# Spark Preparation
We check if we are in Google Colab.  If this is the case, install all necessary packages.

To run spark in Colab, we need to first install all the dependencies in Colab environment i.e. Apache Spark 3.2.1 with hadoop 3.2, Java 8 and Findspark to locate the spark in the system. The tools installation can be carried out inside the Jupyter Notebook of the Colab.
Learn more from [A Must-Read Guide on How to Work with PySpark on Google Colab for Data Scientists!](https://www.analyticsvidhya.com/blog/2020/11/a-must-read-guide-on-how-to-work-with-pyspark-on-google-colab-for-data-scientists/)

In [None]:
try:
  import google.colab
  IN_COLAB = True
except:
  IN_COLAB = False

In [None]:
if IN_COLAB:
    !apt-get install openjdk-8-jdk-headless -qq > /dev/null
    !wget -q https://dlcdn.apache.org/spark/spark-3.2.1/spark-3.2.1-bin-hadoop3.2.tgz
    !tar xf spark-3.2.1-bin-hadoop3.2.tgz
    !mv spark-3.2.1-bin-hadoop3.2 spark
    !pip install -q findspark

In [None]:
if IN_COLAB:
  import os
  os.environ["JAVA_HOME"] = "/usr/lib/jvm/java-8-openjdk-amd64"
  os.environ["SPARK_HOME"] = "/content/spark"

# Start a Local Cluster
Use findspark.init() to start a local cluster.  If you plan to use remote cluster, skip the findspark.init() and change the cluster_url according.

In [None]:
import findspark
findspark.init()

In [None]:
cluster_url = 'local'

In [None]:
from pyspark.sql import SparkSession

spark = SparkSession.builder\
        .master(cluster_url)\
        .appName("Colab")\
        .config('spark.ui.port', '4040')\
        .getOrCreate()
sc = spark.sparkContext

# Basic Spark Commands

In [None]:
sc

## Simple RDD Operations
- *sc.parallelize(data)* 
create an RDD from data
- *rdd.count()* 
count number of elements in an rdd
- *rdd.filter(func)* 
create a new rdd from existing rdd and keep only those elements that func is true

In [None]:
data = [1, 2, 3, 4, 5]
rdd = sc.parallelize(data)
n = rdd.count()
print('count = {0}'.format(n))
l = rdd.collect()
print(l)

In [None]:
l = rdd.take(3)
print(l)

In [None]:
f_rdd = rdd.filter(lambda d: d > 2)
for d in f_rdd.collect():
    print(d)
print('filter count = {0}'.format(f_rdd.count()))

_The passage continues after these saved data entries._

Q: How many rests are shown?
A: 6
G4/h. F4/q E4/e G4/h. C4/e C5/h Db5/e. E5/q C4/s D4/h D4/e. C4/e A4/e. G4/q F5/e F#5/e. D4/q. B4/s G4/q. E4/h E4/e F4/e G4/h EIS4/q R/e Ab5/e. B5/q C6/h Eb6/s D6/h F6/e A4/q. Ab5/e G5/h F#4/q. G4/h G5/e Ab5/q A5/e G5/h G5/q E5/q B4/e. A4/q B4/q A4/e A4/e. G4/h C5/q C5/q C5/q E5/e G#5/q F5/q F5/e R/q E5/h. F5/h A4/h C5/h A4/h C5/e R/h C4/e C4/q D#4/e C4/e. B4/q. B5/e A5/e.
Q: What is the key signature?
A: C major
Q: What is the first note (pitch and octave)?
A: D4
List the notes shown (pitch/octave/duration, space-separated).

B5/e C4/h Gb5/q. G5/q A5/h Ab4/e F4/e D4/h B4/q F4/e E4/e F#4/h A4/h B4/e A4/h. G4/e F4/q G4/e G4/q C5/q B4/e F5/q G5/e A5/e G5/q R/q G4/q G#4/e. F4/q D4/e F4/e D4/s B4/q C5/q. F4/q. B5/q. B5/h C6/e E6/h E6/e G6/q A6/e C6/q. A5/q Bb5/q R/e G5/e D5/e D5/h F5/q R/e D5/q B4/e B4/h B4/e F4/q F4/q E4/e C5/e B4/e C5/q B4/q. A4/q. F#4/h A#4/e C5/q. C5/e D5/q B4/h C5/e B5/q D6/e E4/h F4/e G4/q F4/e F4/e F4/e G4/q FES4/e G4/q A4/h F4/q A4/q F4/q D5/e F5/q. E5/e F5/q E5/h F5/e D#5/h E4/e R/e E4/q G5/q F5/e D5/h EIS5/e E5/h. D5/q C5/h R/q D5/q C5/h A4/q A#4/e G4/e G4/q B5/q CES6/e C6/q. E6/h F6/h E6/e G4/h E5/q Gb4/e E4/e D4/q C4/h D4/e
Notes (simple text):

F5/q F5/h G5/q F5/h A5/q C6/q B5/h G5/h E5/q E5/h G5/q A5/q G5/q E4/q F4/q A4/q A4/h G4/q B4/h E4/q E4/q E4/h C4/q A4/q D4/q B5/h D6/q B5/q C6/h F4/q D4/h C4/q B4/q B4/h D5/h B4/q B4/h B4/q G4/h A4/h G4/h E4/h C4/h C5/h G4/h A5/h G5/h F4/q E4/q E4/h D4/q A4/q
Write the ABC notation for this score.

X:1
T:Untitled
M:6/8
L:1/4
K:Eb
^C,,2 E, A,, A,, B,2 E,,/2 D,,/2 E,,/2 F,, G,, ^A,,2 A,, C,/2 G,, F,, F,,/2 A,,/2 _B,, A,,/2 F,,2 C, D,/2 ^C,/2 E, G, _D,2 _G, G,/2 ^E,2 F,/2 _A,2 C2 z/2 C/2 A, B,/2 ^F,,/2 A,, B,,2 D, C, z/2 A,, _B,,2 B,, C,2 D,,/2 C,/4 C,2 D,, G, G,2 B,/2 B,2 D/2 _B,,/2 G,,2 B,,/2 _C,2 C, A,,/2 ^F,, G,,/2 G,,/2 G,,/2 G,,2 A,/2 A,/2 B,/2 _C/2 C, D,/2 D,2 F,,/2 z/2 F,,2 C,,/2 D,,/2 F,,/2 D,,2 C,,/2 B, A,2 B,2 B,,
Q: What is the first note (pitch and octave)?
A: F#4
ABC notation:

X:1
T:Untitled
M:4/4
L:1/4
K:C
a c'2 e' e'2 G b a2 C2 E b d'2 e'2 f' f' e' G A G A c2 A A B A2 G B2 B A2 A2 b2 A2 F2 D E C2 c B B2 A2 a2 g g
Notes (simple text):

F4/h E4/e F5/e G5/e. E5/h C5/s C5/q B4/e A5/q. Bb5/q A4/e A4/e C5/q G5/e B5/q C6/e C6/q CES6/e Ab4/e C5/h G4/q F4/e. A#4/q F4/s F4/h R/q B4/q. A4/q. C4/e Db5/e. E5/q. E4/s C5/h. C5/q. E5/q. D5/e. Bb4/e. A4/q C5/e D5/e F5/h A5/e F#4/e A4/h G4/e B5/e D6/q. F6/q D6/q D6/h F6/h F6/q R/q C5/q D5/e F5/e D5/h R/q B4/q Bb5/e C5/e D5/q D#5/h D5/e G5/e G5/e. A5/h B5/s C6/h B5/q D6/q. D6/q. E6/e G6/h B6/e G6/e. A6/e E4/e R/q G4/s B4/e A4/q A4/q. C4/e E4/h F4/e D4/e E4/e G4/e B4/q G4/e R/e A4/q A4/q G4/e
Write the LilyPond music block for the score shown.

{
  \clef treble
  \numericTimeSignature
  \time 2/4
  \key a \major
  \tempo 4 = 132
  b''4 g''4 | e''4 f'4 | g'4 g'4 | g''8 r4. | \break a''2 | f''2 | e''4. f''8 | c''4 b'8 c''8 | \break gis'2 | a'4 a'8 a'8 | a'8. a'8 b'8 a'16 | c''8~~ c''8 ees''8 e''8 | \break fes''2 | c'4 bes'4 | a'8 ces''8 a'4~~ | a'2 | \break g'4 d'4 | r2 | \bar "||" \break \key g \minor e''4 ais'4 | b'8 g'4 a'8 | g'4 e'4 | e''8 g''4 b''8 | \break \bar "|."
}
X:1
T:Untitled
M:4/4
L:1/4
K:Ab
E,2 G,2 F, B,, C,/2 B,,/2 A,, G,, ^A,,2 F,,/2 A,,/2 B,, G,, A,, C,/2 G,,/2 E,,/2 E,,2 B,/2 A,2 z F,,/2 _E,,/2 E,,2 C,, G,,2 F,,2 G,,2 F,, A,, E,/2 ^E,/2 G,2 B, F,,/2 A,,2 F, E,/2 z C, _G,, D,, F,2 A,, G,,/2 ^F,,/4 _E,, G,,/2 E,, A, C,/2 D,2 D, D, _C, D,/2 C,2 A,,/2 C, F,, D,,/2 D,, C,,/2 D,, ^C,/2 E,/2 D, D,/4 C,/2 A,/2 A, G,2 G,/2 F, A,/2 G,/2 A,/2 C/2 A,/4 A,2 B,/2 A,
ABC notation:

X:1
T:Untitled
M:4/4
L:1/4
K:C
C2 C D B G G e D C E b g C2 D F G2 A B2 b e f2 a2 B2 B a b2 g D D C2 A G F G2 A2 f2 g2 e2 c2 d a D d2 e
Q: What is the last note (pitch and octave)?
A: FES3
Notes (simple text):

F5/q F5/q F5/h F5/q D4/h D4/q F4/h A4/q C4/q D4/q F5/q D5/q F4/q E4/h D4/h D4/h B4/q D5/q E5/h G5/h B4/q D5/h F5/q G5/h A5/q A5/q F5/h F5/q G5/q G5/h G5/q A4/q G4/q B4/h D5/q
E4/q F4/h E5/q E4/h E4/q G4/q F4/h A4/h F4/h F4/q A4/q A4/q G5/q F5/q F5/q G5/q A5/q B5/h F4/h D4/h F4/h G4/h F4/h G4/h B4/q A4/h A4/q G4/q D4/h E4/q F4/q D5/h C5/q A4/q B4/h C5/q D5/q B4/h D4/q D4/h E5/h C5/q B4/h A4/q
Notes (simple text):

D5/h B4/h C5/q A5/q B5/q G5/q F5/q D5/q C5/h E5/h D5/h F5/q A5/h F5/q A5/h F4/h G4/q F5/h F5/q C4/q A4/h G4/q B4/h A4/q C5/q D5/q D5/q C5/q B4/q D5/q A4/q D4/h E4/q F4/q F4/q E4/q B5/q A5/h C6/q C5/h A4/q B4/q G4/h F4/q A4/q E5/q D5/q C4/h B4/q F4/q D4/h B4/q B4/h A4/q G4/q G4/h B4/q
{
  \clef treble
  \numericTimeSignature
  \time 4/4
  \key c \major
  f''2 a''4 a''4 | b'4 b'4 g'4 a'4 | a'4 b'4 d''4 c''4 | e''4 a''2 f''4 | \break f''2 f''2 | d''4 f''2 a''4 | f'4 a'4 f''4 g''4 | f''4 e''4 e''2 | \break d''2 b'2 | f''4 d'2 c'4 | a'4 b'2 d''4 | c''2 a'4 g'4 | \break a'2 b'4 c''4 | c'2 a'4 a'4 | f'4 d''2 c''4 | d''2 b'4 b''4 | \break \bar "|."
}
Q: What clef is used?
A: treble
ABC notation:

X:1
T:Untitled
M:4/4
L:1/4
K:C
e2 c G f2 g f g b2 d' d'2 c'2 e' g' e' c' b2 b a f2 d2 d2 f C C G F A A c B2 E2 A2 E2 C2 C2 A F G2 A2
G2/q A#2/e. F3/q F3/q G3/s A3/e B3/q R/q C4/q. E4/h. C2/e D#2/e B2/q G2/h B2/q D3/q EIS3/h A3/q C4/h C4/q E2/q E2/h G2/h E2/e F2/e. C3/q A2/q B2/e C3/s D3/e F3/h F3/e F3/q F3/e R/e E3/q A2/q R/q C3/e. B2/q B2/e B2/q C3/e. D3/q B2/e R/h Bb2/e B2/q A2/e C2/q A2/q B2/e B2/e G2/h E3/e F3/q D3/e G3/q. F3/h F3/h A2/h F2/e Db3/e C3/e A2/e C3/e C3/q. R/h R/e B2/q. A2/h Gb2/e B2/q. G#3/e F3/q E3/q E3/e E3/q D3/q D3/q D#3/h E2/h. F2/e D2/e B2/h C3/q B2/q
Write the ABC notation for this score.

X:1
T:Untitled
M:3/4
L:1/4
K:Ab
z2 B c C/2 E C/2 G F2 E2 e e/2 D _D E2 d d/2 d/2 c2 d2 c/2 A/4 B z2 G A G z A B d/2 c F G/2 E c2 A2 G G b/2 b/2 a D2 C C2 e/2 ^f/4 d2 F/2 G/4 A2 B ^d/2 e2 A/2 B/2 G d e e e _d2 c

## RDD Operations - map and reduce
- *rdd.map(func)*
create a new rdd by performing function func on each element in an rdd
- *rdd.reduce(func)*
aggregate all elements in an rdd using function func

In [None]:
data = ['line 1', '2', 'more lines', 'last line']

In [None]:
lines = sc.parallelize(data)

In [None]:
print(lines.collect())

In [None]:
lineLengths = lines.map(lambda line: len(line))
print(lineLengths.collect())

In [None]:
totalLength = lineLengths.reduce(lambda a, b: a+b)
print(totalLength)

In [None]:
data = (1,2,3,4)
rdd = sc.parallelize(data)
rdd2 = rdd.map(lambda x: x*2)
print(rdd2.collect())
sum_val = rdd2.reduce(lambda a, b: a+b)
print('sum = {0}'.format(sum_val))
mul_val = rdd2.reduce(lambda a, b: a*b)
print('mul = {0}'.format(mul_val))

## RDD Operations - aggregate

In [None]:
rdd.aggregate((0, 0),
              lambda acc, value: (acc[0]+value, acc[1]+1), 
              lambda acc1, acc2: (acc1[0]+acc2[0], acc1[1]+acc2[1]))

In [None]:
lines.aggregate(("", 0),
                lambda a, s: (a[0]+s, a[1]+len(s)),
                lambda a, b: (a[0]+b[0], a[1]+b[1]))

# Working with Text

Before running this example, make sure that a data file 'star-wars.txt' has been uploaded to content folder of this colab

In [None]:
sw = sc.textFile('star-wars.txt')
print('Total = {0} lines'.format(sw.count()))
for line in sw.take(10):
    print('{0}: [{1}]'.format(len(line), line))

In [None]:
nb_lines = sw.filter(lambda line: len(line) > 0)
print('Non blank line = {0} lines'.format(nb_lines.count()))
all_lowers = nb_lines.map(lambda line: line.lower())
for line in all_lowers.take(10):
    print('{0}: [{1}]'.format(len(line), line))

In [None]:
words = all_lowers.flatMap(lambda line: line.split())
for w in words.take(5):
    print(w)

In [None]:
mappers = words.map(lambda word: (word, 1))
counts = mappers.reduceByKey(lambda x, y: x+y)
for wc in counts.take(10):
    print(wc)